Além de ignorarem a crise, os planos de gastos não têm contrapartidas

Por Sérgio Lazzarini
Atualizado em 15 jun 2018, 06h00 - Publicado em 15 jun 2018, 06h00

EM PLENA crise fiscal, a Assembleia Legislativa de São Paulo aprovou um projeto que aumenta o teto dos salários dos funcionários públicos de 22 000 para 30 000 reais. A votação foi uma goleada de 67 a 4. O limite de remuneração equiparou-se ao dos juízes de segunda instância. Um deles chegou até a dizer que sua categoria necessitava de auxílio-moradia porque juízes pagam imposto de renda e precisam comprar ternos novos em Miami. O “bom exemplo” da Assembleia deve encorajar outras iniciativas na mesma linha — mostrando, mais uma vez, a total insensibilidade dos políticos, e dos grupos de interesse que os apoiam, à severidade da crise brasileira.

O deputado que liderou a proposta na Assembleia justificou o seu feito dizendo que o estado precisa reter talentos. Em um de seus exemplos, afirmou que as universidades públicas têm perdido bons professores. Em tese, um salário maior não somente ajudaria a reter essas pessoas como também poderia motivá-las nas suas atividades de ensino, pesquisa e extensão à comunidade. A mes­ma lógica se aplicaria a outros casos. Por exemplo, uma categoria que aplaudiu o maior teto foi a dos auditores fiscais. Sendo mais bem remunerados, eles não precisariam — também em tese — complementar sua renda com propinas.
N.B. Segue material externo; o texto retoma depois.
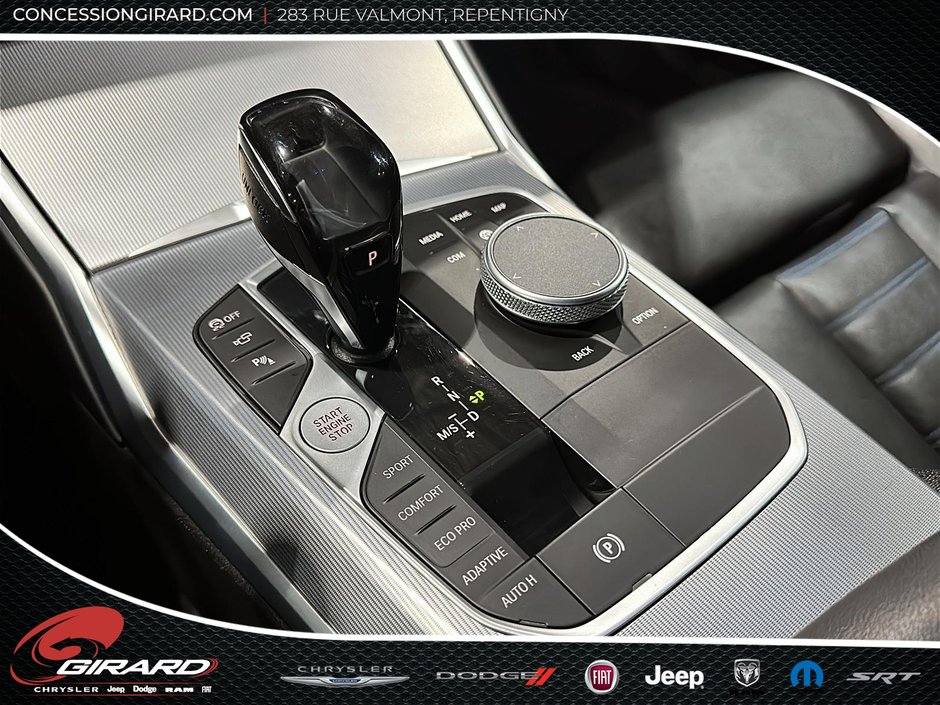 BMW 3 Series M340i xDrive 2021-21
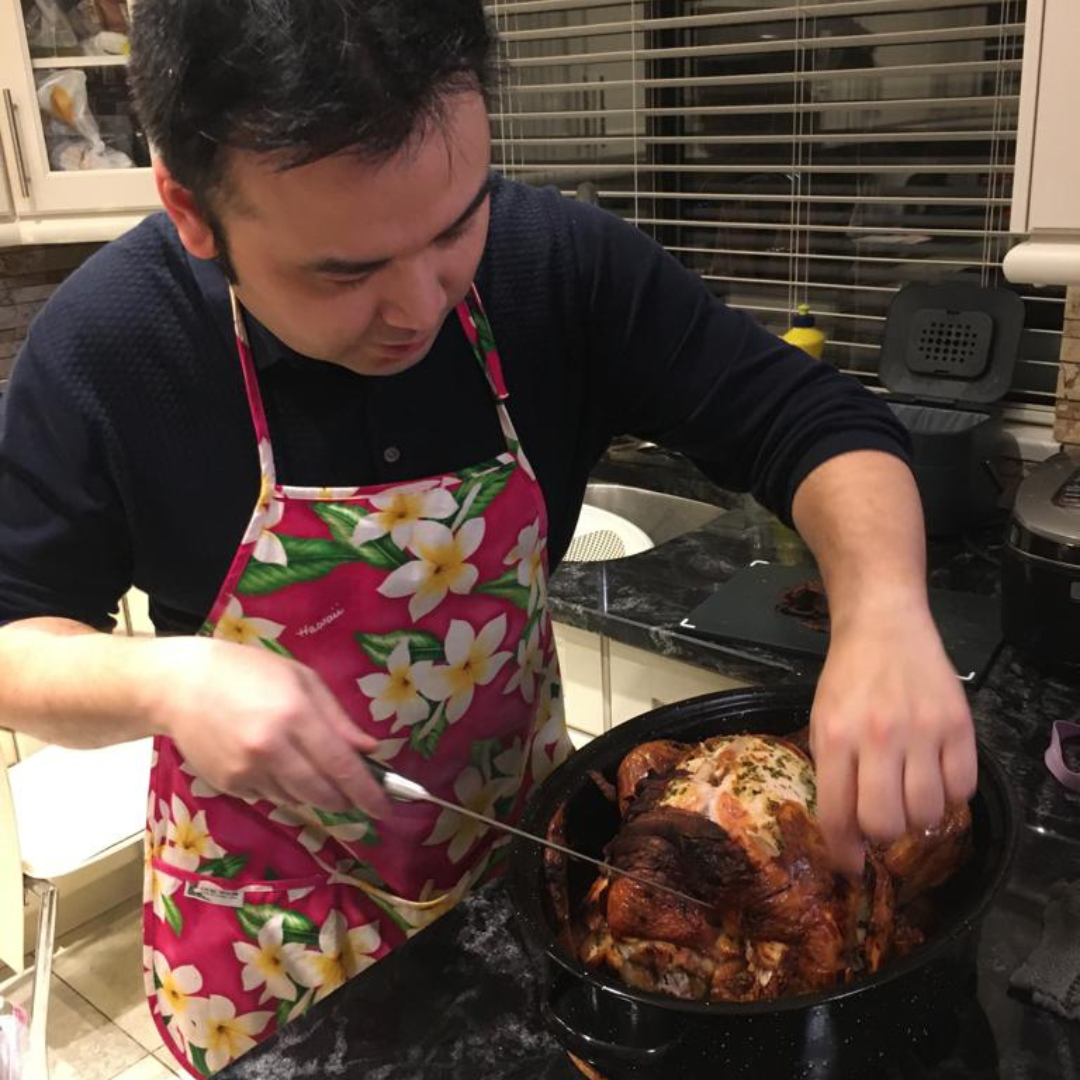 Lawrence Tam Cooking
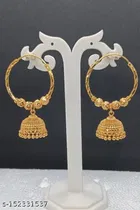 Brass Earring for Women 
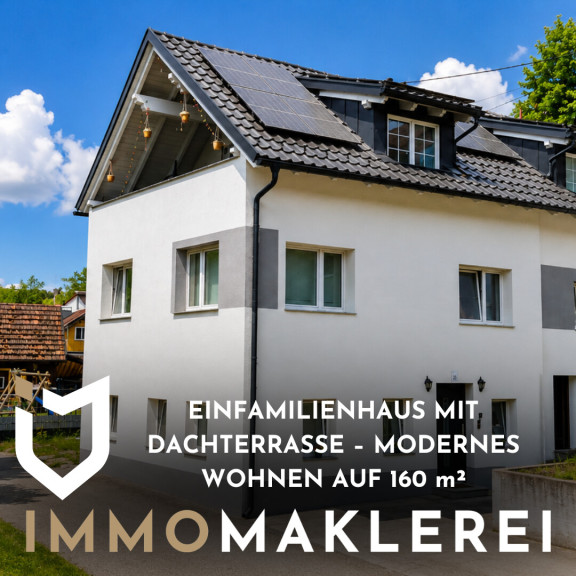 Haus - 4594, Untergrünburg - WOHNEN IN ERSTER REIHE ZUR STEYR 
MODERN & VOLLSTÄNDIG RENOVIERT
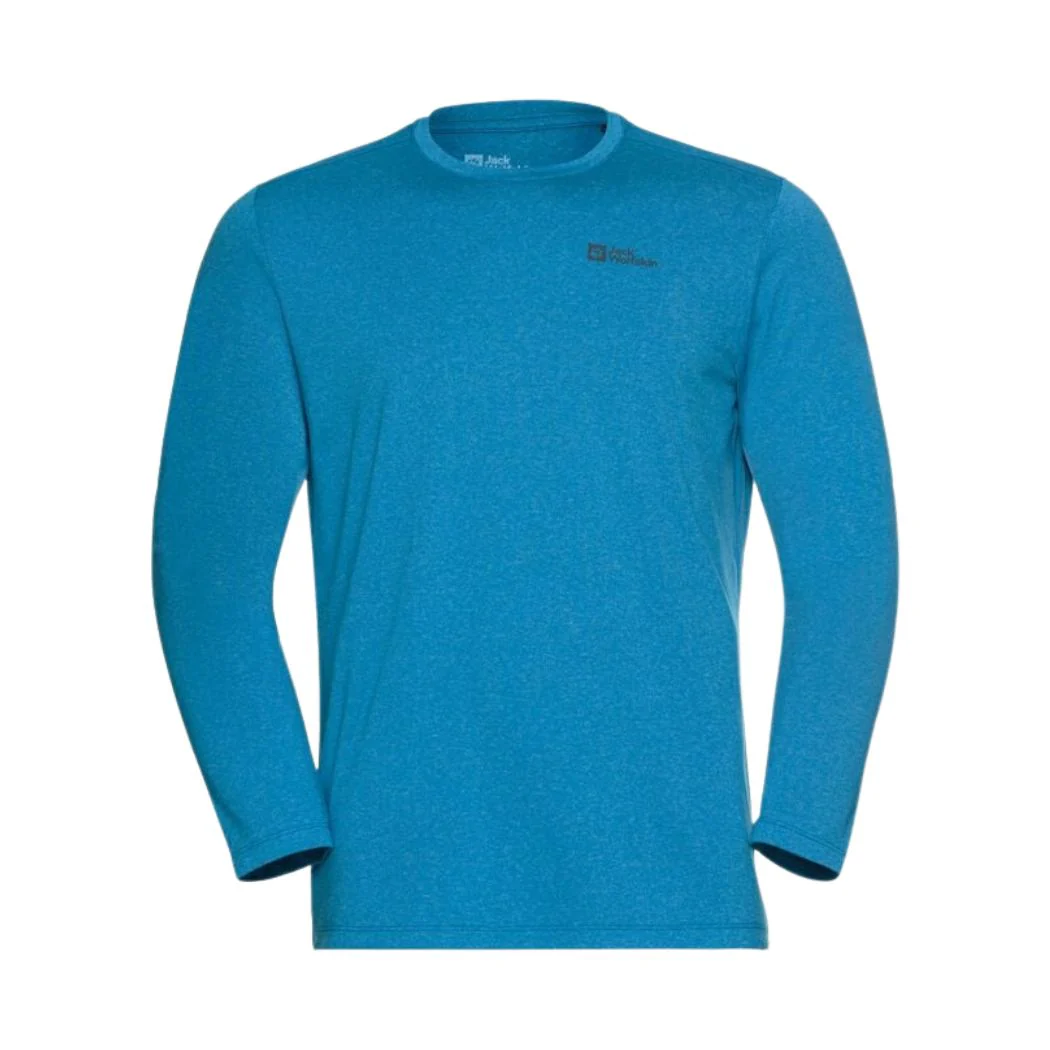 jack wolfskin Sky Thermal Men's Long Sleeve Shirt - Image 5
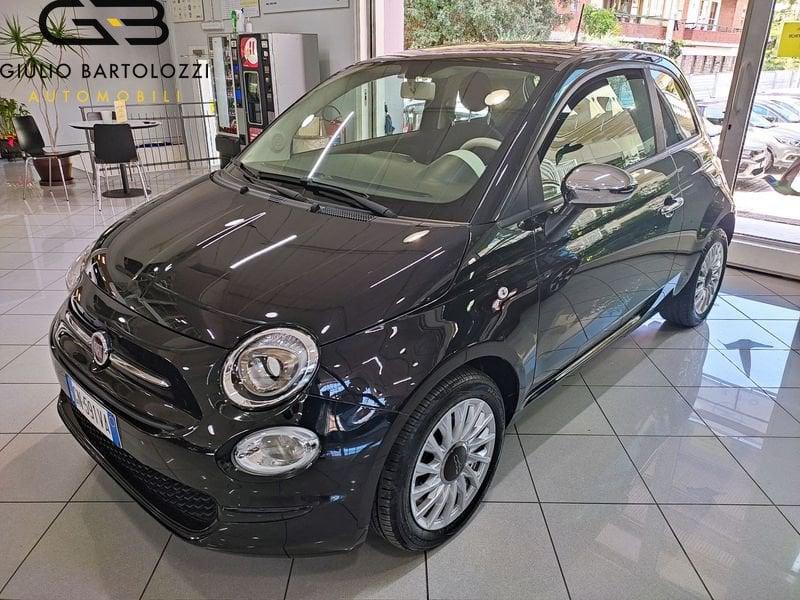 FIAT 500 500 1.0 hybrid 70cv Lounge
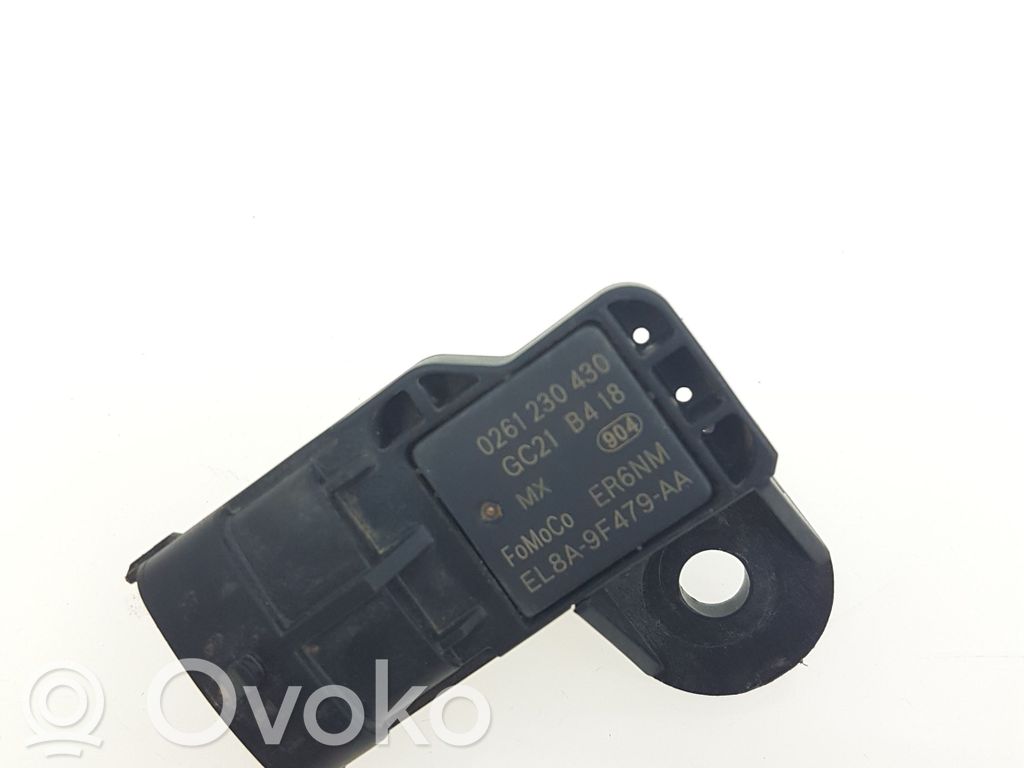 Ford Fusion II Air pressure sensor 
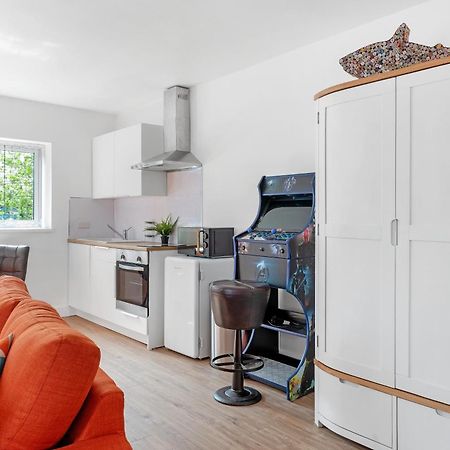 Modern Studio In Arnold Centre Nottingham Extérieur photo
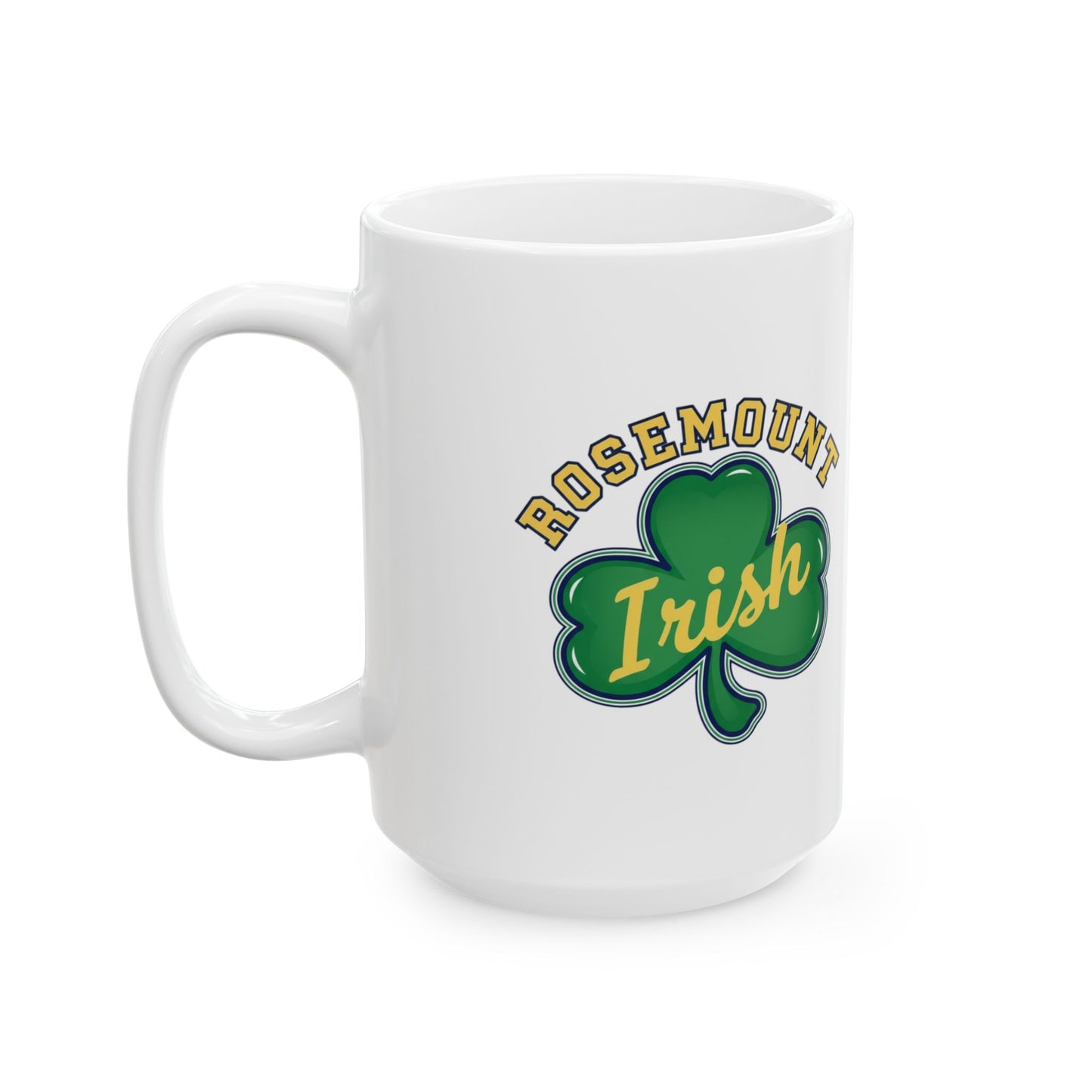 Rosemount Irish Coffee Mug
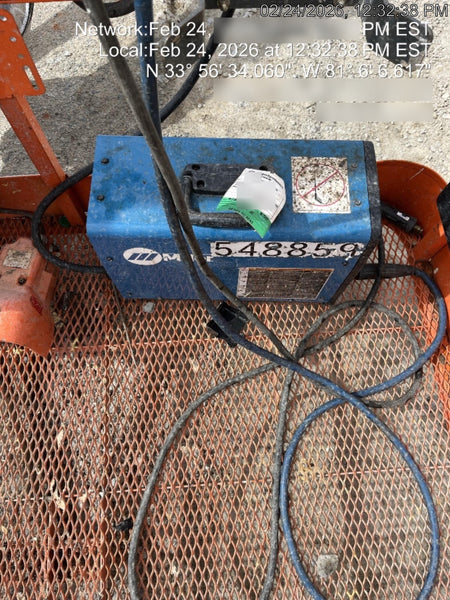2025 MILLER ELECTRIC CST-282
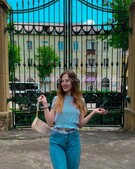 Анкета проститутки Марина - метро Мещанский, возраст - 20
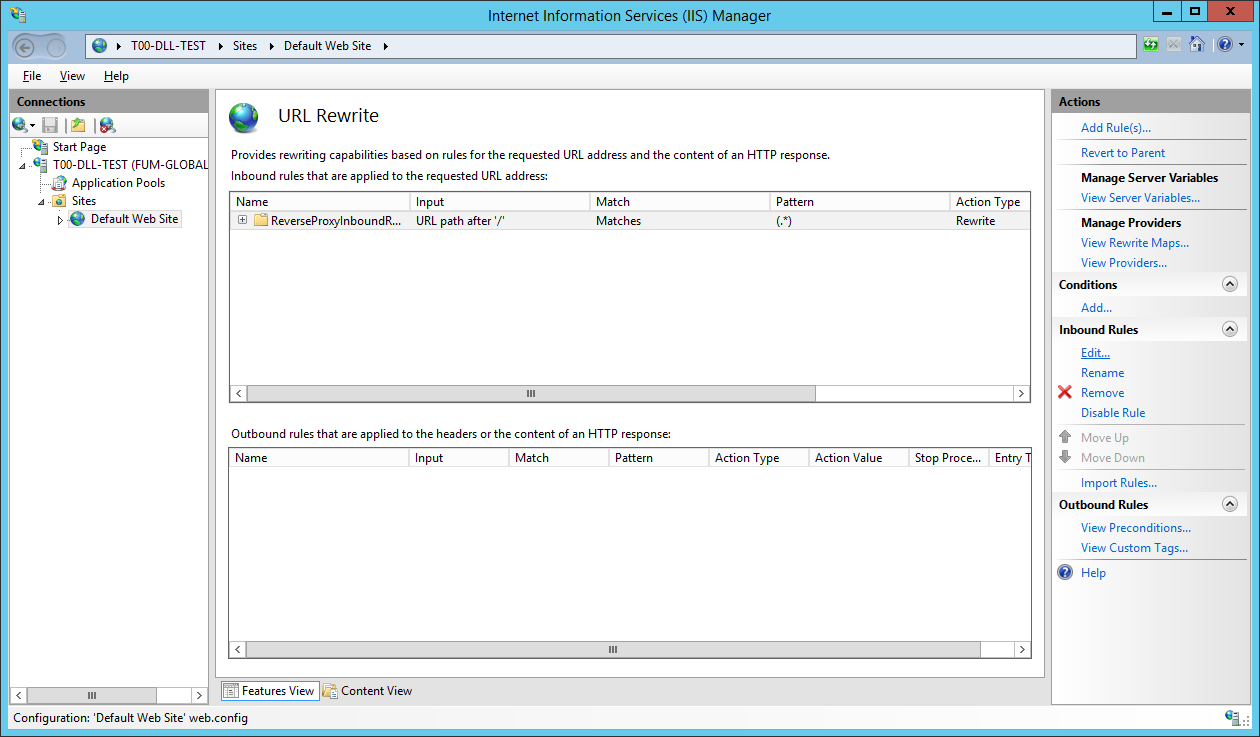 Connecting to a NAV Service from JavaScript Axians Infoma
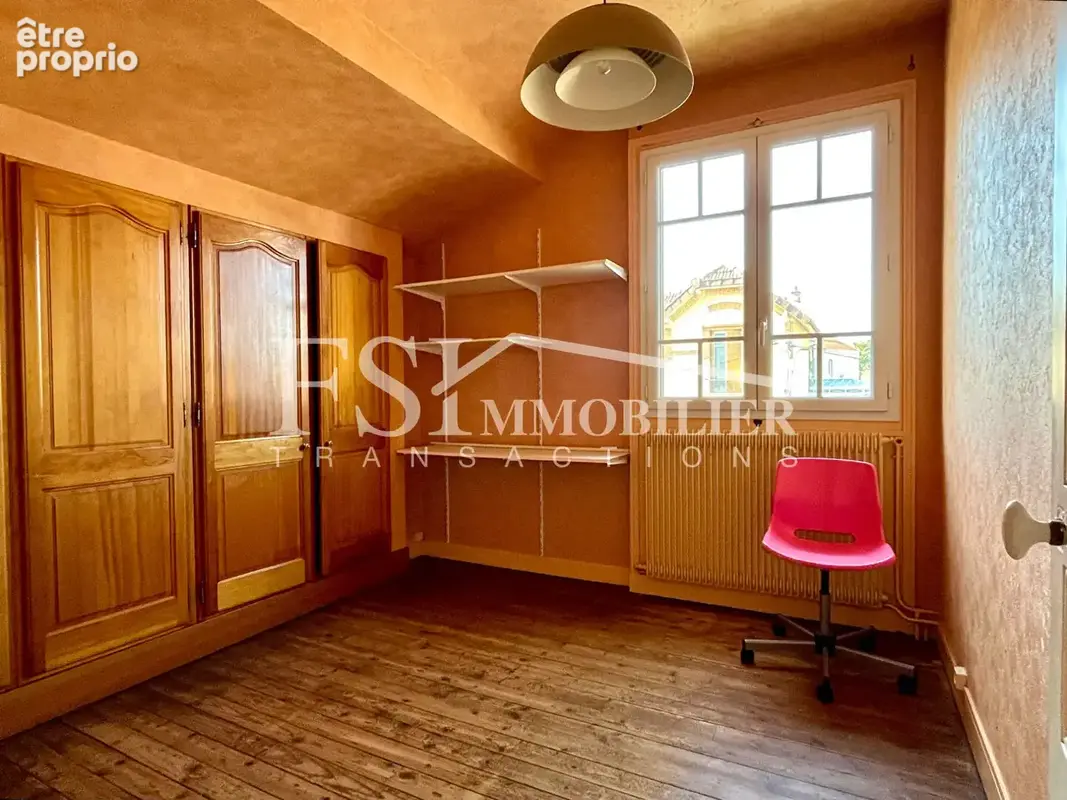 Maison Sannois 5 pièces 72.38 m2- Centre-ville - photo 7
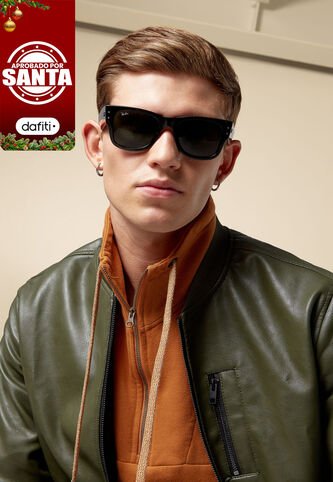 Gafas Ray-Ban Mega Wayfarer Negro Ray-Ban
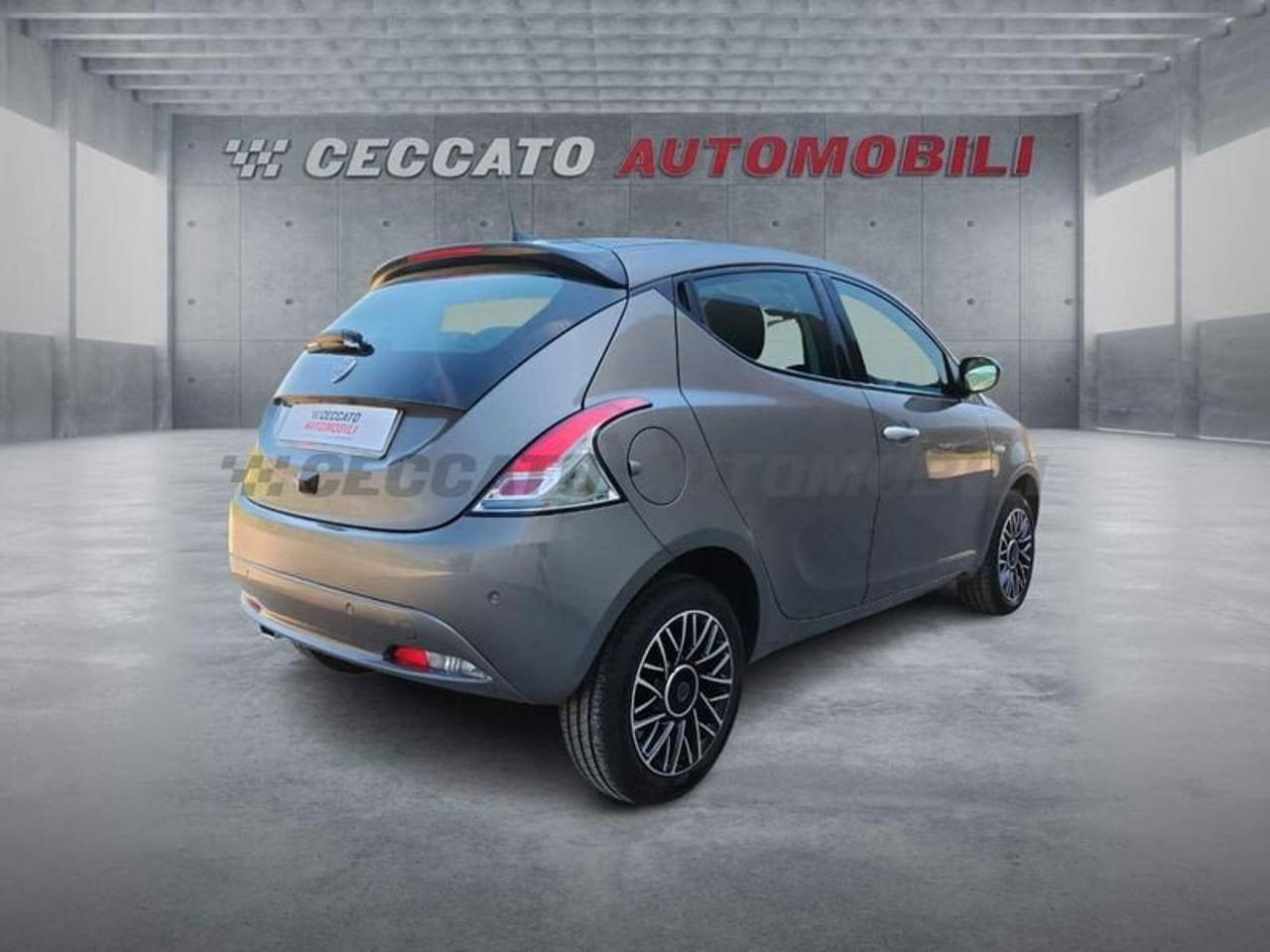 Lancia Lancia Ypsilon usata 9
Como sempre, o problema desses argumentos em defesa de mais gastos é que eles não vêm com contrapartidas. Que critérios serão usados para a promoção rumo ao teto? E, não menos importante, o que acontecerá com aqueles que pouco se esforçarem na carreira? O diabo mora nesses “detalhes”. Apesar de ser prevista pela Constituição Federal (artigo 41), a demissão de funcionários públicos por insuficiência de desempenho não é praticada, e a ascensão no cargo é excessivamente calcada em tempo de casa — e, frequentemente, em pura e simples politicagem. Voltando ao exemplo da universidade, um professor que dá péssimas aulas ou que faz pouca pesquisa pode permanecer ali indefinidamente, ocupando uma vaga que poderia ser preenchida por profissionais mais dispostos a realizar um bom trabalho. Ao se aposentar precocemente e com salário integral, ele fará com que as novas gerações carreguem o peso de sua incompetência.

Além disso, estratégias para reter talentos não precisam ser necessariamente custeadas por orçamento público. Ainda no exemplo das universidades, em vários centros públicos internacionais o professor pode receber uma complementação de renda caso se torne destaque em sua área, por meio de doações de famílias ou institutos (a chamada “cátedra”). No Brasil, com tantos ex-alunos ricos e que estudaram de graça, seria mais que justo clamar por esse tipo de apoio. Mas aqui essas doações são rechaçadas por grupos de alunos e funcionários públicos, que alegam serem uma submissão à lógica “privada”. Eles temem que o setor perca autonomia, quando pode acontecer justamente o contrário, caso consiga reter talentos e apoiar projetos de valor à sociedade. Por certo, dá bem menos trabalho defender mais gastos públicos sem especificar como eles se reverterão em maior esforço, melhores serviços e benefícios para quem realmente precisa. Mais indecente que isso, impossível.